Washington DC, Dec. 29 - OPM headquarters, idle during the partial government shutdown. The agency is scrambling to bring pay and benefits accounts up to date for affected federal employees.

After waiting six weeks for an executive order to carry out the 1.9 percent average pay raise, more waiting now lies ahead before federal employees will actually receive their new rates of pay or back pay which is to be retroactive to January 6.

Most federal employees are to receive a pay distribution late this week or early next week reflecting the pay period that ended March 30. However, that was just two days after the executive order containing the new pay schedules, and there has been no promise so far from any of the federal payroll providers—most agencies use one of four, run by GSA, DoD, Agriculture and Interior—that the upcoming distribution will include the higher rates.


In response to inquiries, OPM is putting out this standard response: “The timing of when federal employees will see a raise in their paycheck will vary. Agencies and payroll providers are currently working quickly to update their systems and process retroactive pay actions, now that OPM has issued the new pay tables. Employees are encouraged to consult their human resource office or payroll providers for further information.”

Some agency officials involved in payroll matters have said that a realistic target is that the raise will be in the distribution covering the pay period ending April 13—payments that will go out about a week after. They also have said they are hopeful that the back pay will be distributed around the same time, either added onto that regular distribution or made separately.

Under that scenario, the back pay would reflect the difference between the old rates and the new for seven pay periods.
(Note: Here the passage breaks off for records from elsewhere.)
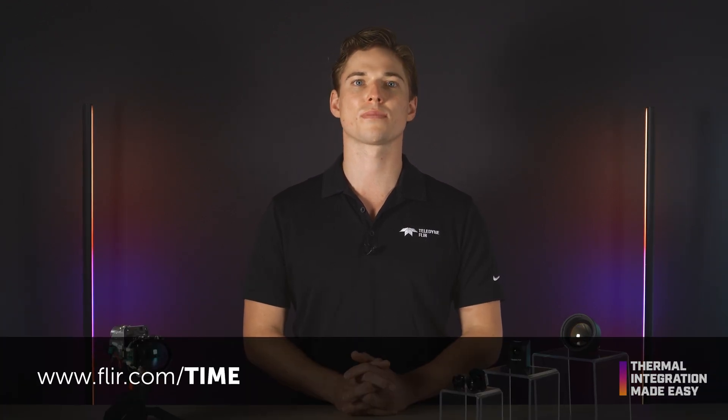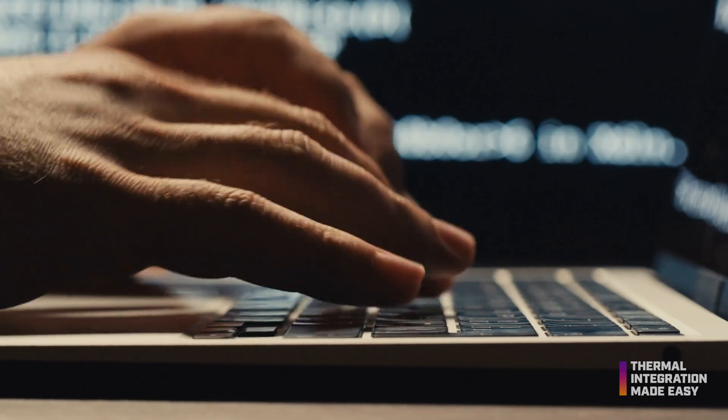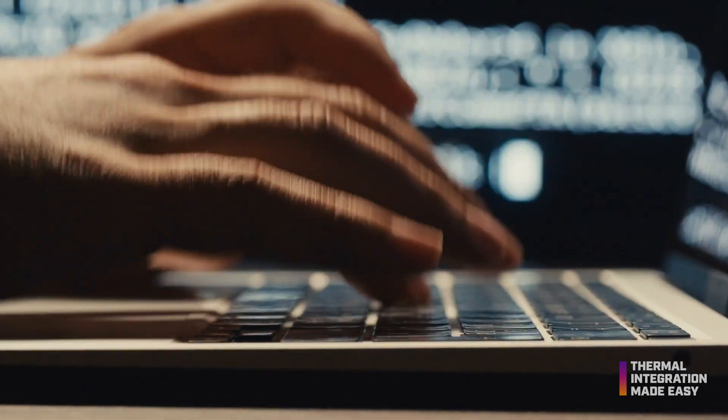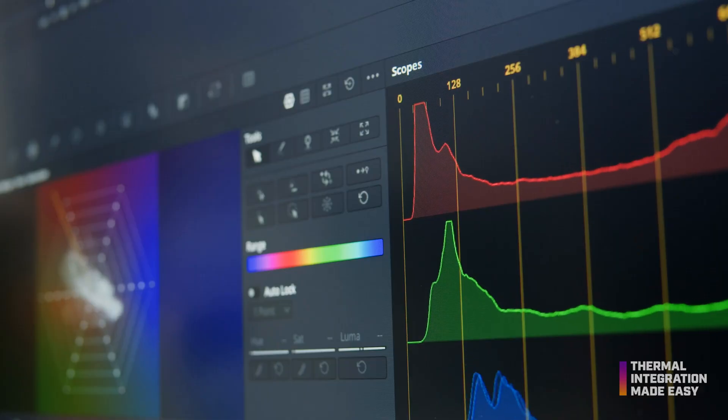Welcome to Thermal Integration Made Easy, a video and download series that covers everything you need to know about integrating Teledyne FLIR thermal camera modules. Before the availability of computational image processing software, image processing was largely carried out through mechanical and manual methods in post-processing.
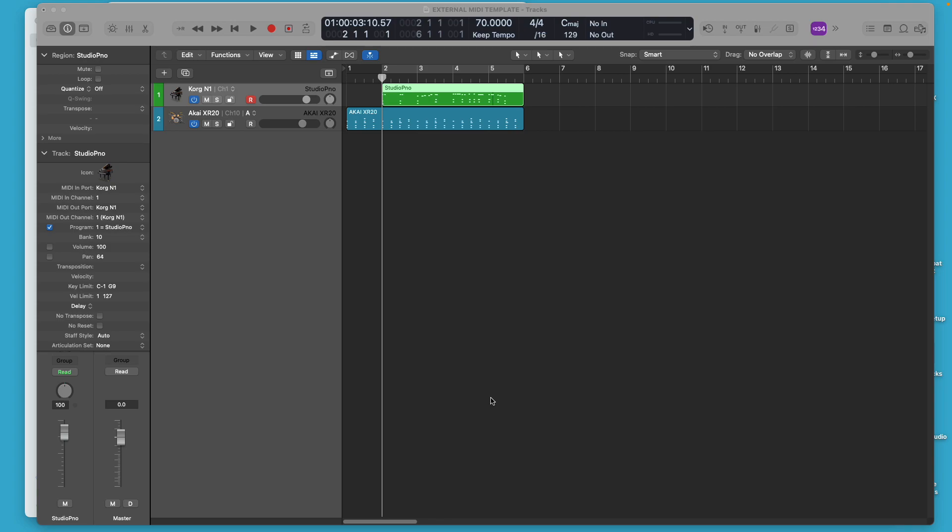Andrea again with Beats by Britain and I'm still covering a little bit about external MIDI. This lesson is just going to be a brief little introduction to the Logic environment. A little bit of background.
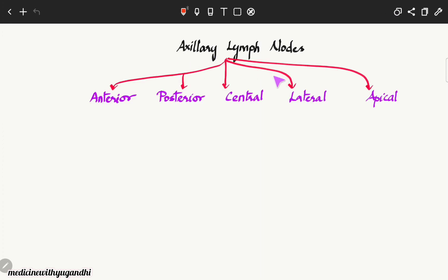Welcome to this video discussing the axillary lymph nodes. The axillary group of lymph nodes is divided into five groups: anterior, posterior, central, lateral, and apical. This was discussed in the previous video on lymphatic drainage of the breast. In this video, we will discuss their location and the area where they drain the lymph.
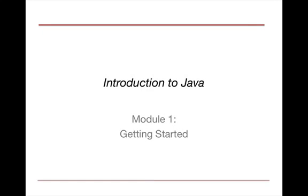Hello everyone, and welcome to Introduction to Java, Java Programming Language. This is Module 1, Getting Started.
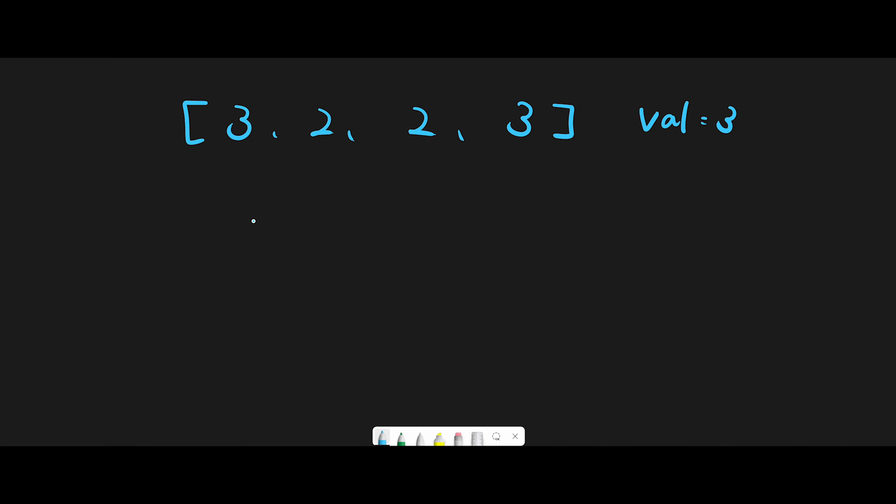So k is the return value. We should have k pointer at index 0, and then basically iterate through one by one and every time compare current number with val. And if they are different, we move the different number to k. So let's begin.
For example, someone earning $85,000, about the federal employee average, and getting a 1.9 percent increase—the raises range from 1.66 to 2.27 percent by locality—would receive $434 before taxes and other applicable deductions.

However, problems could arise regarding back pay, especially in more complicated situations such as if employees earned overtime or premium pay, moved to a different locality pay area, or received some other type of pay boost in that time. In similar situations in 2003 and 2004, it took several more pay cycles, and in some cases several months, to finally square up the back pay for everyone.